*Work instruction*.
Every line below is to be set down again exactly; any image stays out.

*Source material*.
------------------------

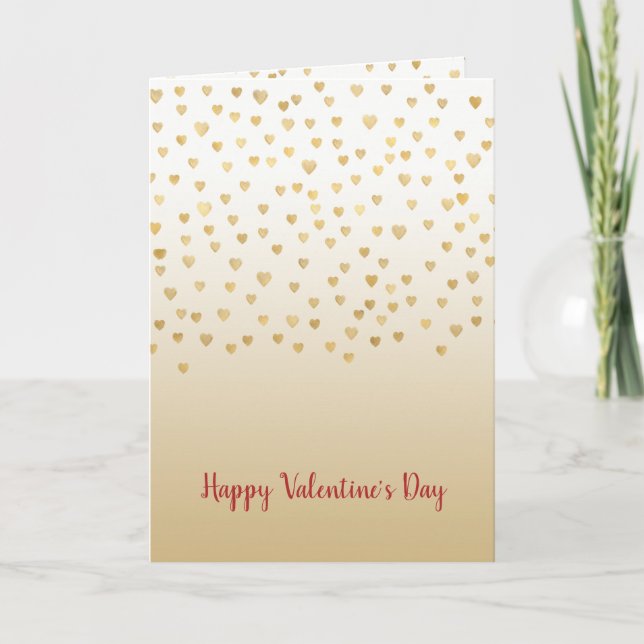 Gold Hearts Ombre Valentine's Day Holiday Card (Front)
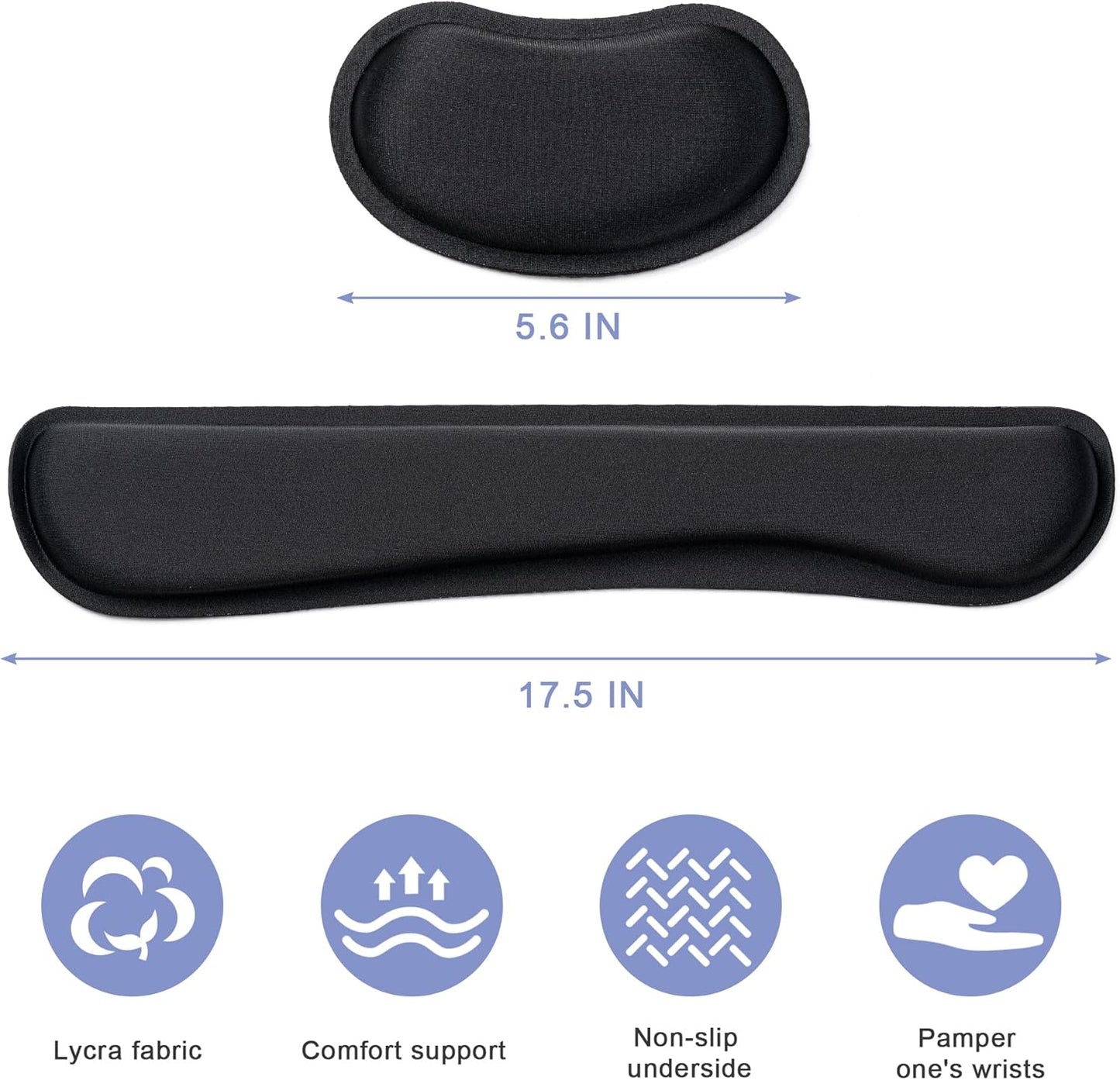 Hoewina Ergonomic Keyboard Wrist Rest – Memory Foam & Superfine Fabric Support Pad for Comfortable Typing, Office & Home Use, Black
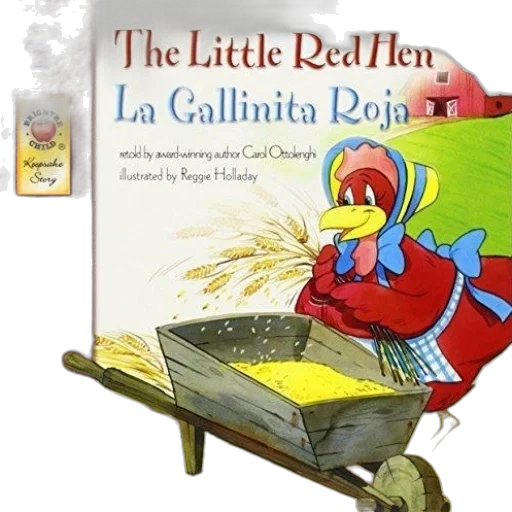 cover, little, red, hen, bilingual, book, featuring, cartoon transparent PNG cut-out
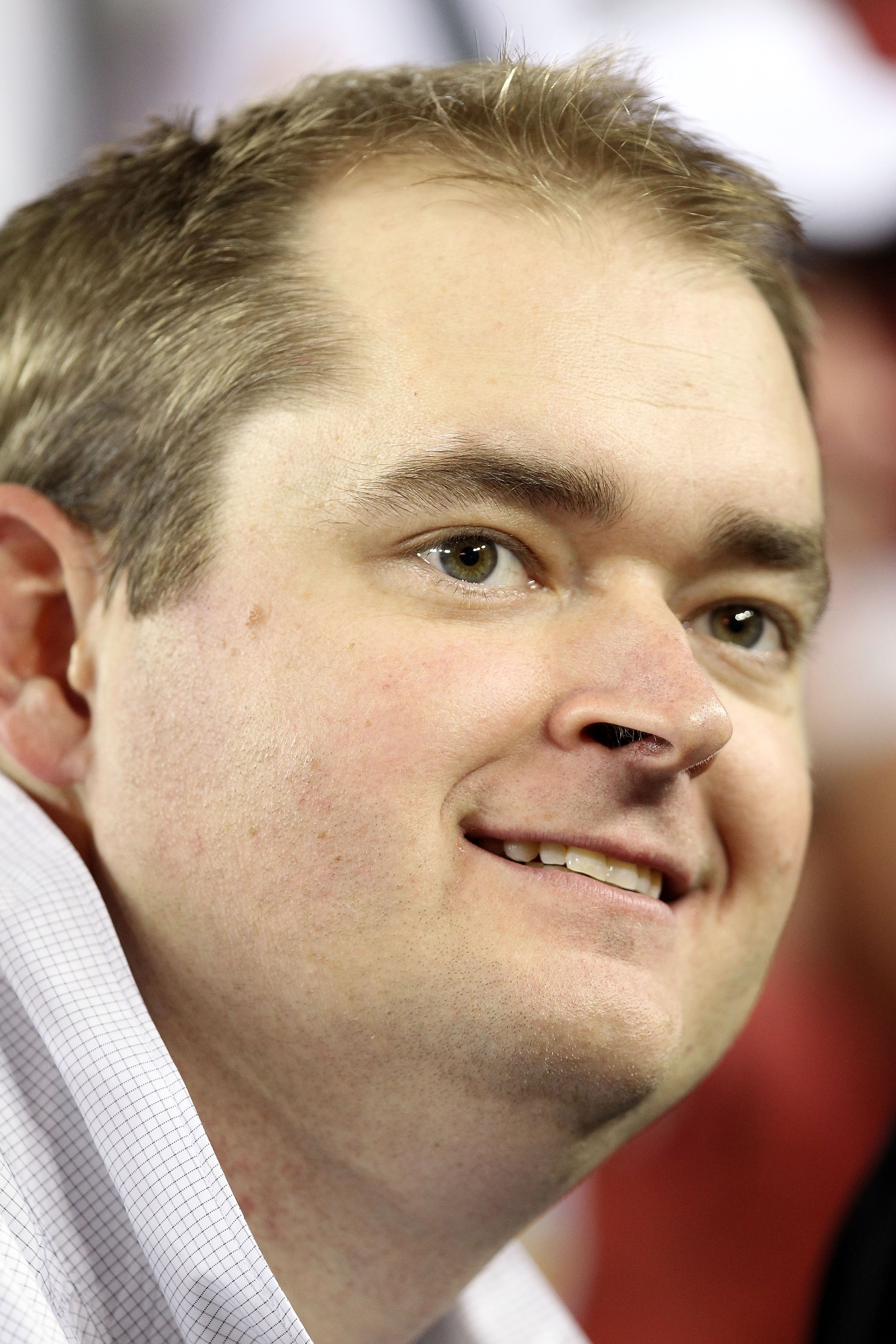GLENDALE, AZ - JANUARY 01:  Offensive coordinator Josh Heupel of the Oklahoma Sooners celebrates their 48-20 victory against the Connecticut Huskies in the Tostitos Fiesta Bowl at the Universtity of Phoenix Stadium on January 1, 2011 in Glendale, Arizona.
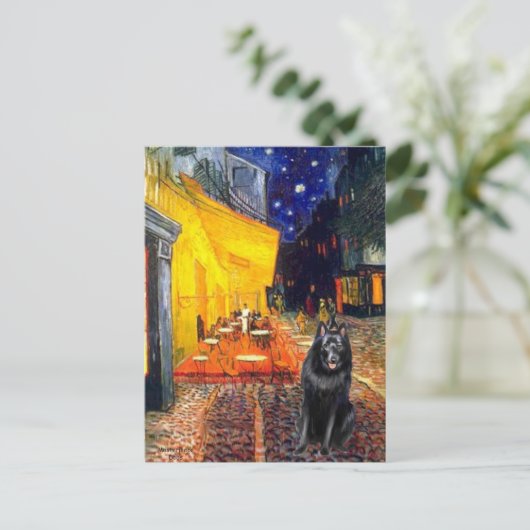 Schipperke 7 - Terrassencafé Postkarte (Stehend Vorderseite)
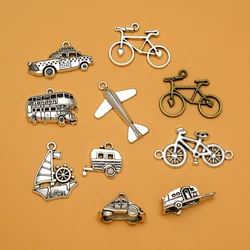 10pcs/lots Vintage Travel Camping Charms Airplane Aircraft Car Bus Bike Boat Taxi Pendants For Diy Jewelry Making Supplies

------------------------

*Reply to the exercise*.
 Gold Hearts Ombre Valentine's Day Holiday Card (Front)
 Hoewina Ergonomic Keyboard Wrist Rest – Memory Foam & Superfine Fabric Support Pad for Comfortable Typing, Office & Home Use, Black
 cover, little, red, hen, bilingual, book, featuring, cartoon transparent PNG cut-out
GLENDALE, AZ - JANUARY 01:  Offensive coordinator Josh Heupel of the Oklahoma Sooners celebrates their 48-20 victory against the Connecticut Huskies in the Tostitos Fiesta Bowl at the Universtity of Phoenix Stadium on January 1, 2011 in Glendale, Arizona.
 Schipperke 7 - Terrassencafé Postkarte (Stehend Vorderseite)
 10pcs/lots Vintage Travel Camping Charms Airplane Aircraft Car Bus Bike Boat Taxi Pendants For Diy Jewelry Making Supplies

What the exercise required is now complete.